- _Task description_
Quote the data exactly, first line to the line containing "Smiling woman with", with no pictures.
+ + + +
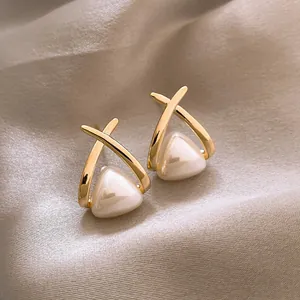 Close-up of elegant triangular pearl earrings on champagne silk background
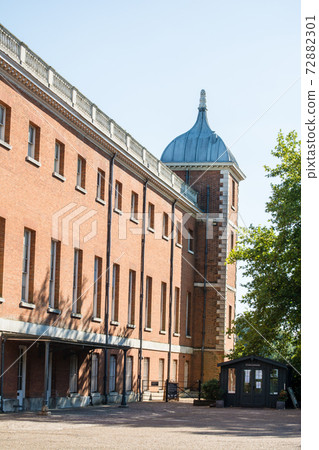 A large red brick historic building at Osterley Park on the outskirts of London A large red brick historic building at Osterley Park on the outskirts of London 72882301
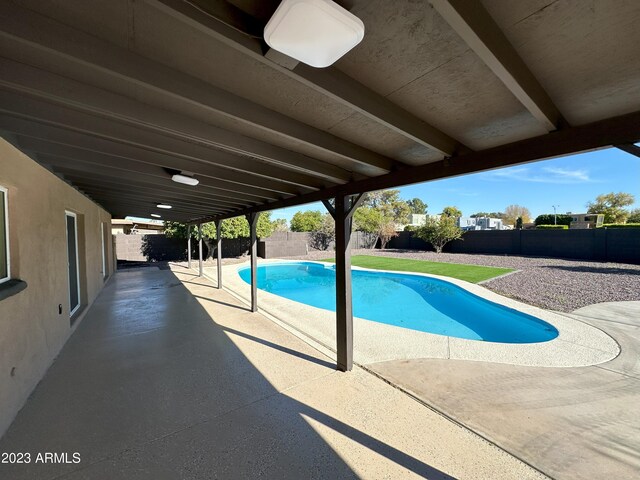 view of swimming pool with a patio area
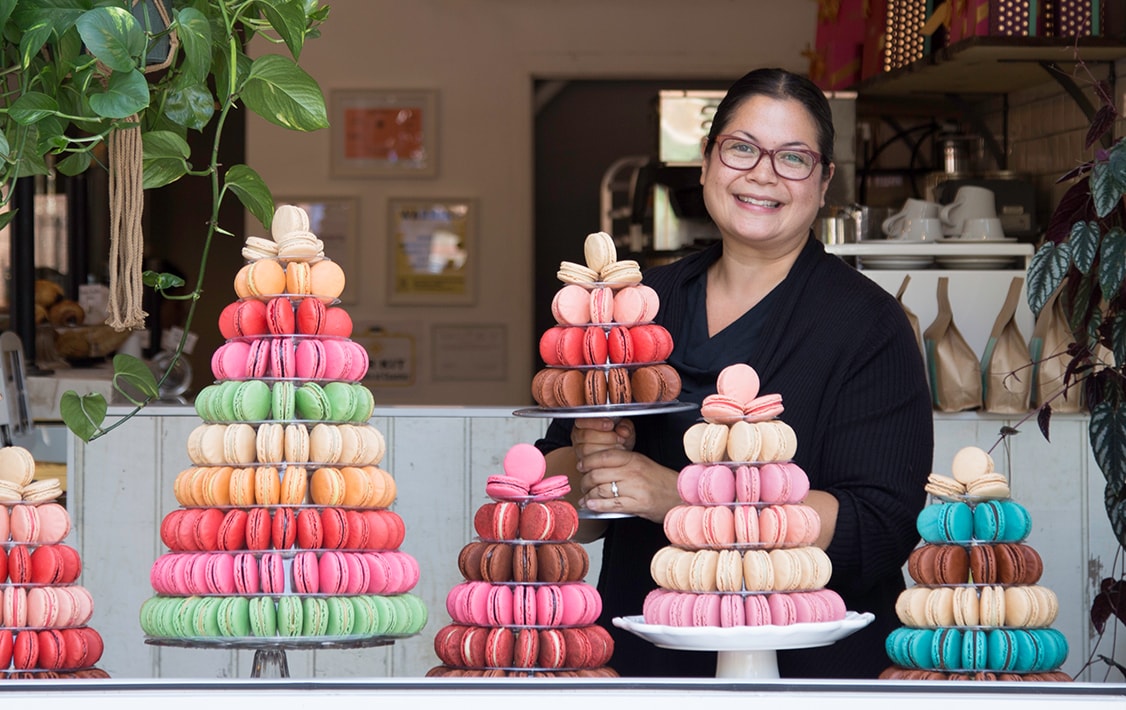 Smiling woman with several French macaron pyramids in front of her.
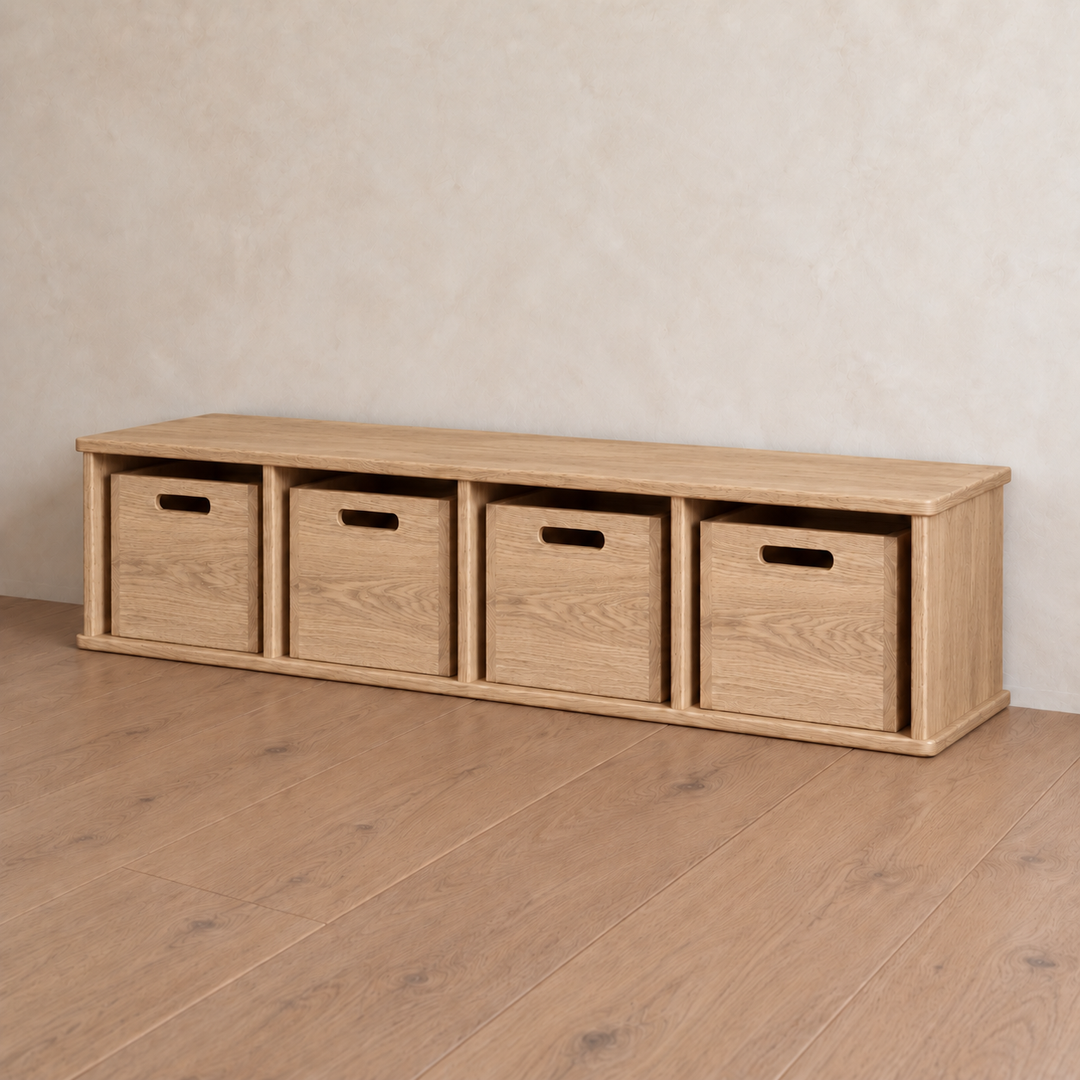 Entryway cubby bench in red oak featuring a low wooden design with four open cubbies, each containing a matching storage bin with a cutout handle.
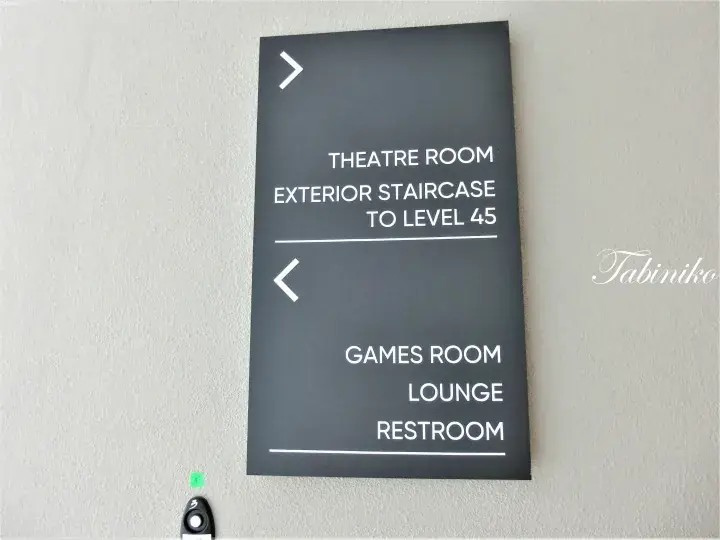 Dark grey directional sign pointing to a theatre room, exterior staircase to level 45, games room, lounge, and restroom.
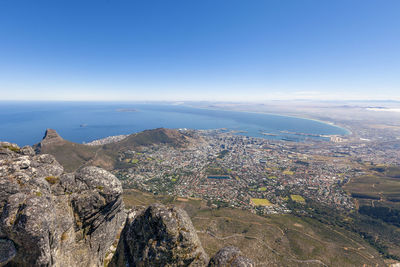 Aerial view of sea and cityscape against blue sky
+ + + +
- _Task response_
 Close-up of elegant triangular pearl earrings on champagne silk background
 A large red brick historic building at Osterley Park on the outskirts of London A large red brick historic building at Osterley Park on the outskirts of London 72882301
 view of swimming pool with a patio area
 Smiling woman with several French macaron pyramids in front of her.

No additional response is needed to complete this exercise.